Alla luce di quanto osservato è naturale domandarsi come si può combattere questo fenomeno e quali azioni possono essere intraprese. Il primo passo verso la risoluzione del problema risiede nel rafforzamento del sistema scolastico che dovrebbe avvenire tramite la concessione di più fondi per l’istruzione da allocare efficientemente. È evidente che i NEET spesso risultino demotivati, privi di desideri o convinti di non essere in grado di realizzare le loro aspirazioni e questo è dovuto ad una scarsa fiducia verso la scuola e l’istruzione. Per combattere questo tipo di disillusione sarebbero necessari percorsi di orientamento scolastico ben organizzati che permettano di individuare i punti di forza, debolezza e talento dei singoli giovani in modo da sostenere la loro generatività.

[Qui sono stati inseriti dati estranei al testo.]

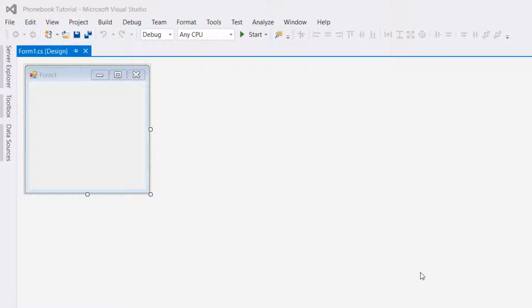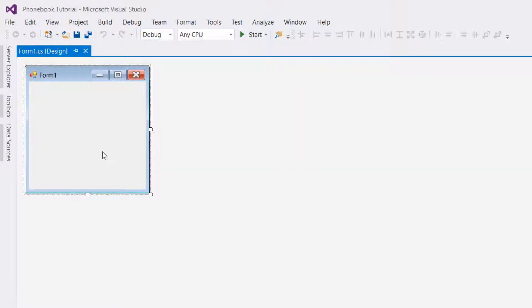You're going to want to open up Visual Studio and create a new project. This is the project I have, Phonebook Tutorial. This is the first form that is created automatically. What we're going to add here is two buttons.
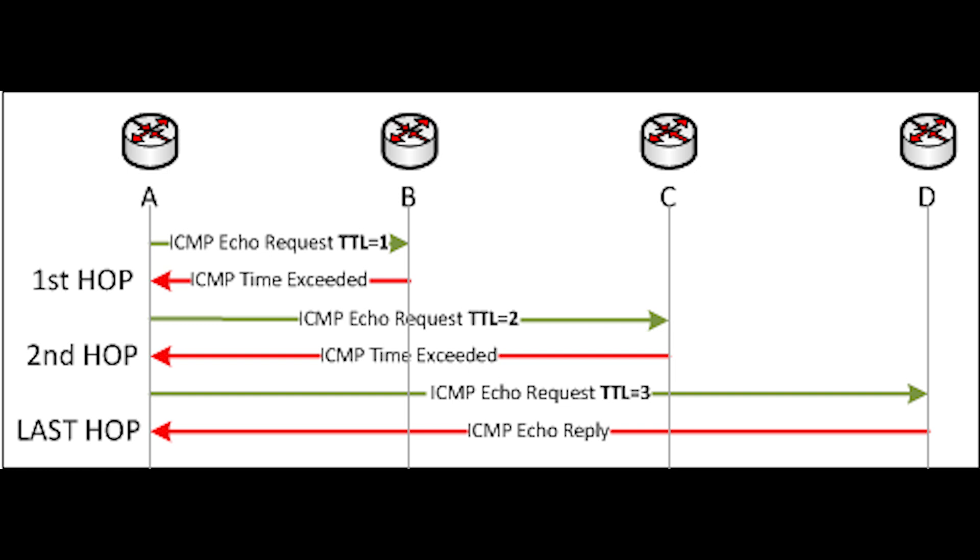A ping is similar to traceroute but simpler. It reports how long it takes for data to go between two points.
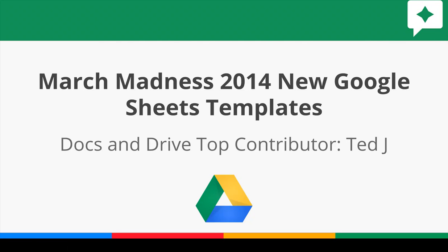Hello everyone, Ted J here from the Google Docs and Google Drive Help Forum. It's that time of year again, March Madness. Time to pick your teams, build your brackets, and let's do it in Google Sheets.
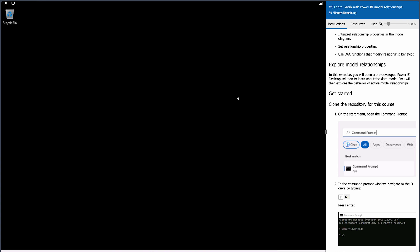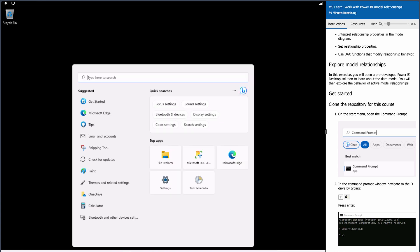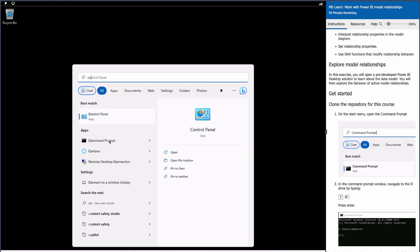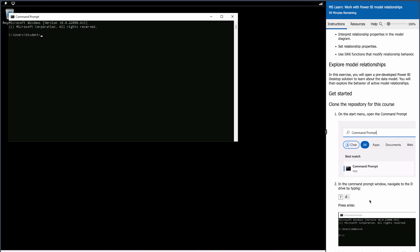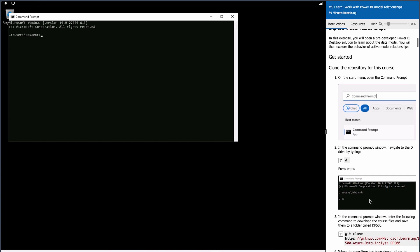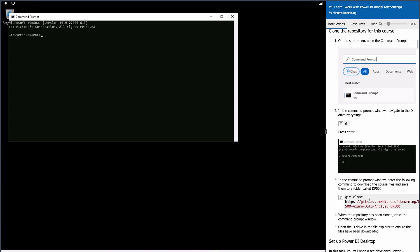If you have any questions, you can ask me by commenting in the comment section. The first step is to open the command prompt and navigate to the D drive. Type D: and you are into the D drive.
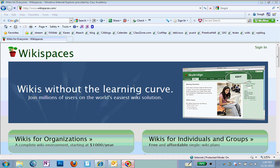The first thing that you have to do in order to use a wiki is you have to have an account with Wikispaces. So I'm going to show you how to set up that account and then join the wiki. So go to www.wikispaces.com. Just type that into the top and hit enter.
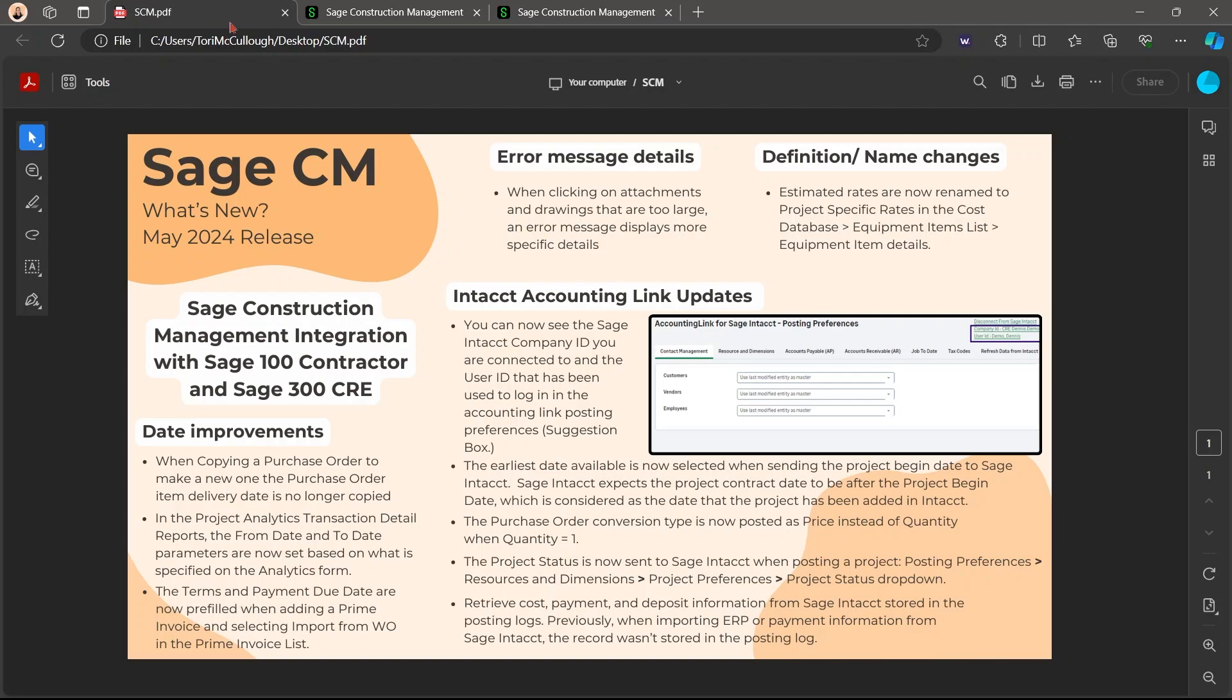The biggest release so far is the integration with Sage 100 Contractor and Sage 300 CRE. Now SCM can integrate with both of those. If you want more information, go to the release notes and you will see a lot more information about 100 and 300 and how they're able to be integrated with SCM.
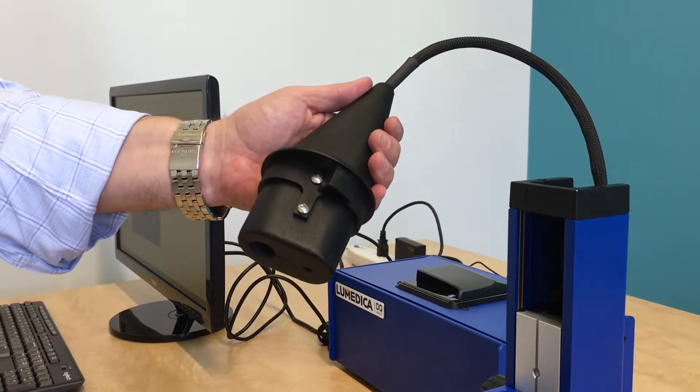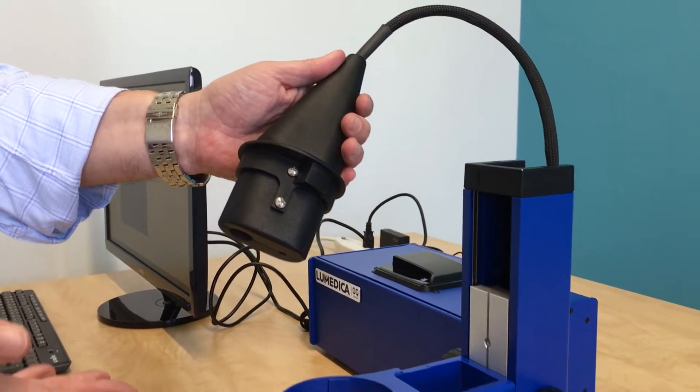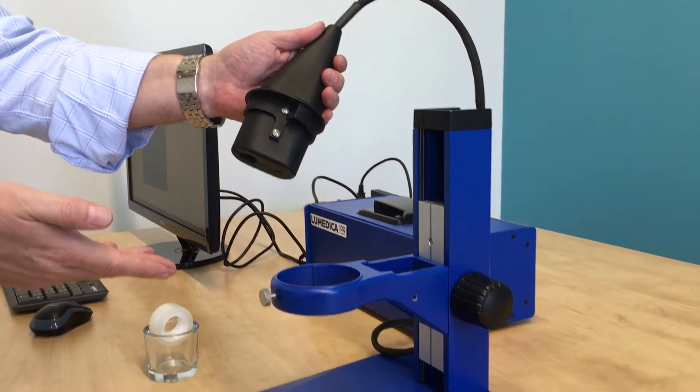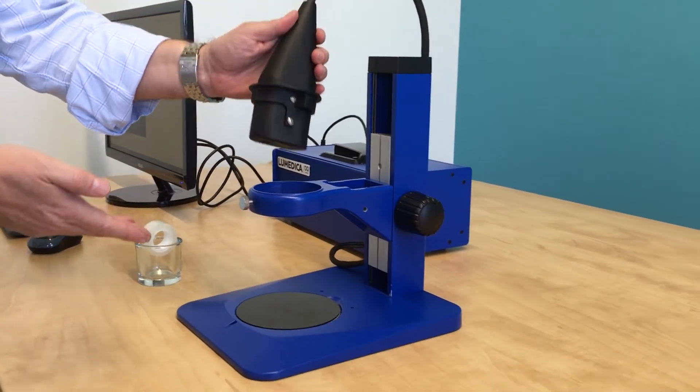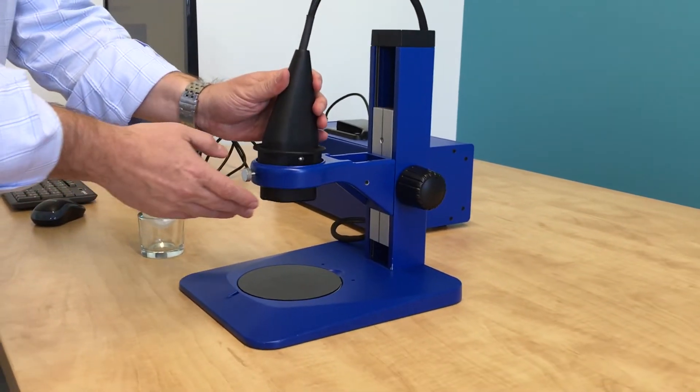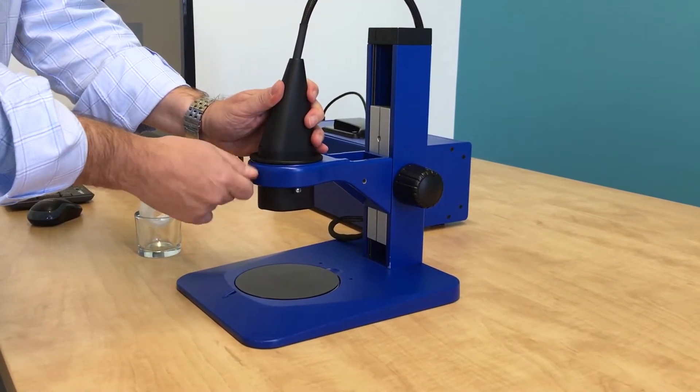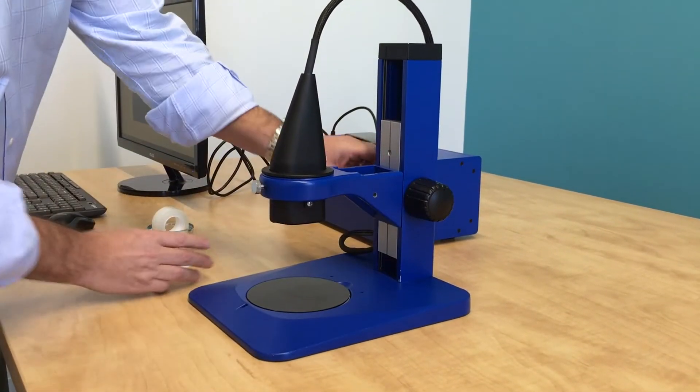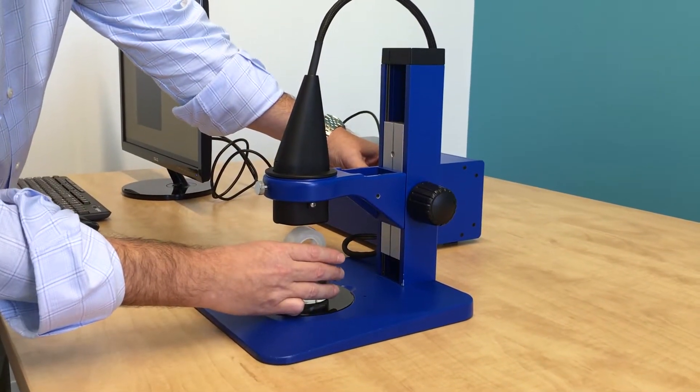It's easy to use by hand, or you can put it in this nice microscope stand that comes as part of the workstation package. You can then position it and place your sample underneath.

Inoltre, si dovrebbe ridurre il gap tra istruzione e mondo del lavoro affiancando a percorsi di tipo teorico esperienze pratiche, magari anche rafforzando l’attività già esistente di Alternanza Scuola Lavoro che negli ultimi anni non solo ha causato diverse polemiche, ma ha anche dimostrato di essere un sistema che nella sua formulazione presenta diversi difetti.
Ci sono già state delle iniziative rivolte alla gestione del problema NEET, come il progetto di UNICEF, NEET Equity, svoltosi tra il 2018 e il 2020. L’iniziativa è stata rivolta a 300 ragazzi tra i 16 e i 22 anni con lo scopo di aumentare il grado di conoscenza e informazione sulla condizione giovanile nel territorio italiano e creare spazi di ascolto e partecipazione per far emergere i talenti dei ragazzi. NEET Equity ha avuto riscontri estremamente positivi e ha dato il via a altri progetti di stampo simile.
Possiamo quindi affermare che i NEET non sono necessariamente lo specchio di una generazione svogliata e disinteressata, sono più che altro il risultato di una mancata attenzione nei loro confronti da parte di uno Stato che non sembra essere in grado di allocare nel modo corretto le proprie risorse e il proprio impegno nel sostegno delle generazioni future, essenziali per lo sviluppo del nostro paese.